ELLSWORTH — Robin Margaret Thayer loved lobster, butterflies and the color purple. She loved Christmas and birthdays, visiting Gouldsboro from her home in Buxton and making jewelry.
Robin was funny, “a kind of comedian,” said her mother, Cynthia Thayer, who runs Darthia Farm in Gouldsboro. “She had a lovely smile, loved to talk to people and communicate with people.” In one photo, Robin reclines with her beloved family dog, Kelpie; in another she wears a shimmering red fedora, adorned with sequins, smiling and looking directly into the camera.
Thayer, who died at Mercy Hospital in Portland on May 29 after contracting COVID-19 at the age of 56, didn’t have it easy, said Cynthia. She was deaf and had multiple handicaps, many from birth, as well as many surgeries, including open heart surgery.
“She overcame a lot of things, but she didn’t overcome this one,” said her mother, who herself recently was hospitalized with pneumonia and is isolating at her farm in Gouldsboro.
Cynthia said she spoke with her daughter a few days before she became ill and was taken to the hospital in the middle of the night with blue fingers and lips and low oxygen levels. Robin was eventually placed on a ventilator, which she was on for close to a week.
“Of course we weren’t allowed to go in and see her,” said Cynthia, and Robin struggled to communicate with hospital staff. “She’s deaf and reads lips and when people came in their faces were totally covered. Her communication was compromised.”

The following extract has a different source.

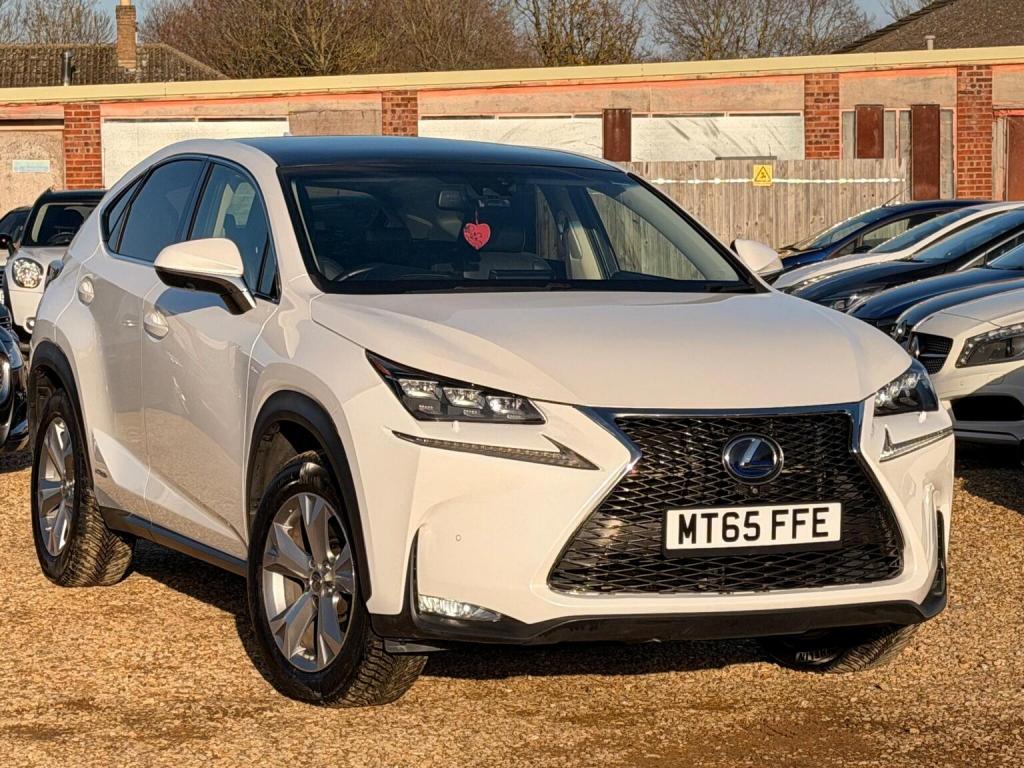 LEXUS NX 2.5 300h Premier E-CVT 4WD Euro 6 (s/s) 5dr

The family tried to get an American Sign Language interpreter to come in, “but they weren’t comfortable with that.” So, Robin made do with a machine interpreter to communicate with her doctor.
“It’s not really quite the same,” said Cynthia. “It’s a very difficult thing, especially for deaf people.”
Robin was on the ventilator for close to a week, said Cynthia. Things were looking up: Hospital staff successfully weaned her from it, and on Thursday, “She had a very good day and the doctor said ‘I think she’ll be walking with her walker’ tomorrow,” said Cynthia. The next day, said Cynthia, Robin died.
“She was very animated and feeling pretty good and kind of sitting up with her glasses on,” said Cynthia, of her last conversation with her daughter. “She said she had a little pain. I said they’ll give you something for that. She didn’t seem afraid. She didn’t seem very anxious. She said everyone was very nice and pleasant. She liked everybody there. That’s kind of a comfort.”
Cynthia said it’s unclear how Robin got the disease, but that it was likely it was from one of the caregivers who came to help her at her home in Buxton who didn’t have symptoms.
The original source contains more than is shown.